Dalam pengembangan budidaya lele, Gapokdakan Mina Mitra Banjarharjo memiliki luasan pembenihan ikan lele seluas 1.500 meter persegi yang mampu menghasilkan antara 100 ribu hingga 120 ribu ekor benih setiap bulannya. Nilai ekonomi yang dihasilkan mencapai sekitar Rp460 juta per tahun dengan target pasar di Kabupaten Sleman untuk pelaku usaha pembesaran ikan lele.
Sementara itu, luas kolam pembesaran lele mencapai 6.000 meter persegi dengan produktivitas mencapai 12-15 ton per bulan. Ukuran lele yang dipanen sekitar 6-10 ekor per kg, dan nilai ekonominya mencapai sekitar Rp3,6 miliar per tahun.
Menurut Kharir, budidaya lele dapat menghasilkan keuntungan asalkan dilakukan sesuai dengan prinsip-prinsip pembenihan ikan yang baik (CPIB) dan cara budidaya ikan yang baik (CBIB). Beberapa faktor penting dalam budidaya tersebut mencakup penggunaan benih dan pakan berkualitas tinggi, serta manajemen kualitas air yang baik.
Selain menggunakan pakan alami berupa cacing sutera yang dihasilkan dari budidaya sendiri, mereka juga menerapkan sistem grading remaja dalam budidaya lele, yang memungkinkan ikan lele dapat tumbuh lebih cepat.
“Selain itu dengan sistem grading dapat meminimalkan kerugian yang disebabkan oleh over feeding ataupun kanibalisme ikan lele,” pungkasnya.
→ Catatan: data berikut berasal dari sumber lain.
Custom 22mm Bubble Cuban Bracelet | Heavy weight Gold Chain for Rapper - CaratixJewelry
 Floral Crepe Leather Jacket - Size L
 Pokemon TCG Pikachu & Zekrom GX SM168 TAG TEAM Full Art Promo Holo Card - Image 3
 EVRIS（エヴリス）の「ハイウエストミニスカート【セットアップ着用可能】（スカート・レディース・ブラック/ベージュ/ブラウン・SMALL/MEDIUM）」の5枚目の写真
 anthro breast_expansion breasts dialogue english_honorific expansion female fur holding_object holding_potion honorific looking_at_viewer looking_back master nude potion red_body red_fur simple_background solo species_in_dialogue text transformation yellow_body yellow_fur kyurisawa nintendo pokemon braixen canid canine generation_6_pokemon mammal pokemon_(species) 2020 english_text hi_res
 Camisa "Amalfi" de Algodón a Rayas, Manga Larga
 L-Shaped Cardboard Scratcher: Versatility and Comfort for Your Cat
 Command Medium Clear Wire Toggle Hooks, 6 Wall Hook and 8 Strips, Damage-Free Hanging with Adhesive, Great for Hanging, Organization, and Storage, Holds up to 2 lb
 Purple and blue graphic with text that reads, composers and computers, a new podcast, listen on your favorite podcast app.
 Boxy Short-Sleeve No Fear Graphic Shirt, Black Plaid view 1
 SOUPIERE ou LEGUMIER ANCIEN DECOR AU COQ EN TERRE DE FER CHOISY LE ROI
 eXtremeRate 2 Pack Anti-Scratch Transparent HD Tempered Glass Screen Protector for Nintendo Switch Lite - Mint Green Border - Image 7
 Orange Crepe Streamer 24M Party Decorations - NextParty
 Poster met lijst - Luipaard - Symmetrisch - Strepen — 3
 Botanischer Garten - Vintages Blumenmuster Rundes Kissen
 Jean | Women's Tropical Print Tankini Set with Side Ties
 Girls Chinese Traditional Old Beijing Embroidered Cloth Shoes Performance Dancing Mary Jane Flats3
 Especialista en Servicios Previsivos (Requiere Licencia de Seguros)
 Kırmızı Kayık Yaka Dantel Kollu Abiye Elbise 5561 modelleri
Ketua Komisi IV DPR RI, Sudin, juga memberikan apresiasi dan terima kasih kepada Kementerian Kelautan dan Perikanan serta Gapokdakan Mina Mitra Banjarharjo atas pengembangan ide kreatif dalam mengintegrasikan usaha budidaya ikan lele dan budidaya cacing sutera.
Menurut Sudin, ini adalah satu inovasi teknologi yang sangat baik dari Gapokdakan Mina Mitra Banjarharjo dan memberikan nilai tambah melalui integrasi usaha budidaya ikan lele dan budidaya cacing sutera. Limbah dari budidaya ikan lele tidak dibuang langsung ke perairan umum, tetapi dimanfaatkan untuk budidaya cacing sutera.
Hal ini penting karena selain ikan lele memiliki manfaat yang penting dan sehat untuk mencegah stunting, limbah dari budidaya tersebut dapat digunakan untuk budidaya cacing sutera sebagai pakan bagi benih ikan lele.